Every Buyer of a house should have the house inspected so as to know of it’s current condition.
This inspection is important because most Home Inspectors are very good at finding “Latent Deficiencies” . . . Things the untrained eye cannot see.
Home ownership is much less fun and more expensive for a new owner if these issues are not discovered prior to closing on the house.
After all, some Home Sellers might not be as scrupulous as we give credit. The house might be a pig wearing fabulous, eye catching lip gloss.
So for sure: “Buyer BEWARE!”
While the Seller has an obligation to disclose all known defects, it is the Buyer’s responsibility to satisfy herself of the overall condition of the house.
This scenario sets up a fascinating process REALTORS lovingly call “The Home Inspection and Resolution.”
(Below is how we do it in Tennessee – Other States may differ)
Typically as part of the purchase & Sale Agreement, the Buyer and Seller agree to a number of days after Binding Agreement Date for the Buyer to perform any and all diligence (Inspections, Home Owner Association Rules, Zoning, Flood Plane, Schools, etc).
The Buyer can hire a “Certified Home Inspector” (Must be licensed in the state of Tennessee) and any other specialists (HVAC, Mold/Radon, Structural Engineer) during this period and can submit a proposal for the Seller to repair or replace the deficiencies discovered. The Buyer’s other options are to accept the property without any repairs, or terminate the contract.
Delivery of this proposal kicks off the “Resolution period” as agreed in the Purchase and Sale Agreement (Usually @ 5 days). It is during this period of time when the Buyer and Seller negotiate to find agreement.
Of course, the Seller may want to do some diligence by bringing in specialists for 2nd opinions just for confirmation that the noted deficiency actually IS broken.
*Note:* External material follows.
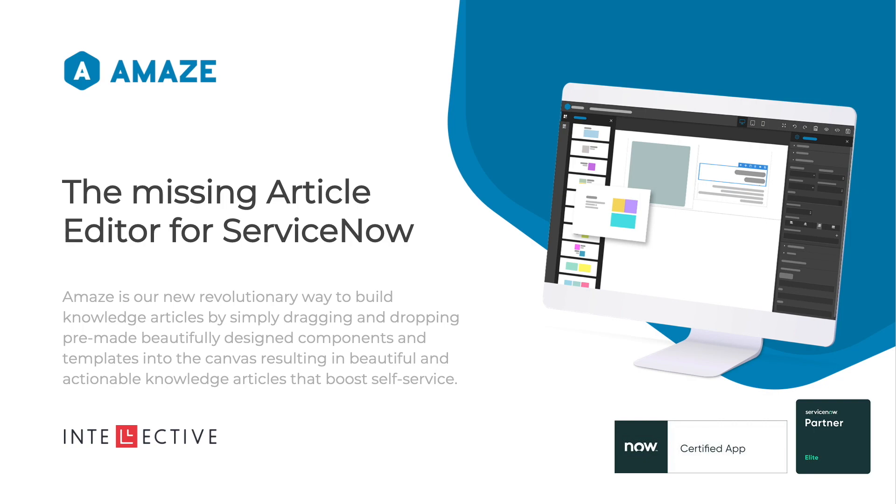Please tune in for additional videos about Amaze on how to use it and the additional benefits you could have. Feel free to reach us for any questions and get a demo for how Amaze can help your organization make the most of your ServiceNow investment.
In Tennessee if this resolution period expires, and Buyer and Seller have not reached agreement, the contract automatically TERMINATES. Termination can be avoided by mutual agreement to amend the contract to extend the number of days for resolution IN WRITING.
This process seems to be getting increasingly UGLY . . . and I’ve been studying the complicated deals to decipher WHY?
Below are my observations, and most of them center around “abuse” of the process . . . That is – Using the Home Inspection as leverage for some purpose other than to negotiate repairs.
Most of the “Reasons” center around some Buyers and Sellers either misunderstanding or taking advantage . . . subsequently abandoning the intent of the inspection and resolution process which really boils down to reducing liability for ALL parties after the closing.
So . . . What it’s NOT:
- It’s NOT intended to be used to renegotiate the original deal. Some Buyers will know about issues prior to submitting an offer and then use THOSE issues as leverage to reduce the price or demand money in lieu of repairs . . . If you know of issues, take them under consideration during the initial negotiation.
- It’s NOT intended to create a platform for the Buyer to Demand the Seller to bring all systems up to current code requirements. As long as things were installed per the code at time of installation, they are off limits. Code requirements are constantly changing, and it is not reasonable for a Buyer to expect a Seller to do this . . . Unless it is a valid “Safety Issue.”
- It’s NOT intended to require the Seller to fix aesthetic issues like paint color or antiquated fixtures etc. If things ain’t broken, no requirement to replace them.
- It is NOT intended for things that can be fixed to be required to be replaced
It IS intended to provide a true representation of the current condition of the house and all of the systems such that the Buyer can be aware of potential future expenses for maintenance or replacement.
and it is totally reasonable for a Buyer to require broken things to be fixed at Sellers’ expense.
I see LOTS of deals crashing these days as a result of the Home Inspection, and I believe the root cause is unrealistic expectations of Buyers or Sellers or BOTH, and it is up to us REALTORS to “manage” these expectations as much as possible.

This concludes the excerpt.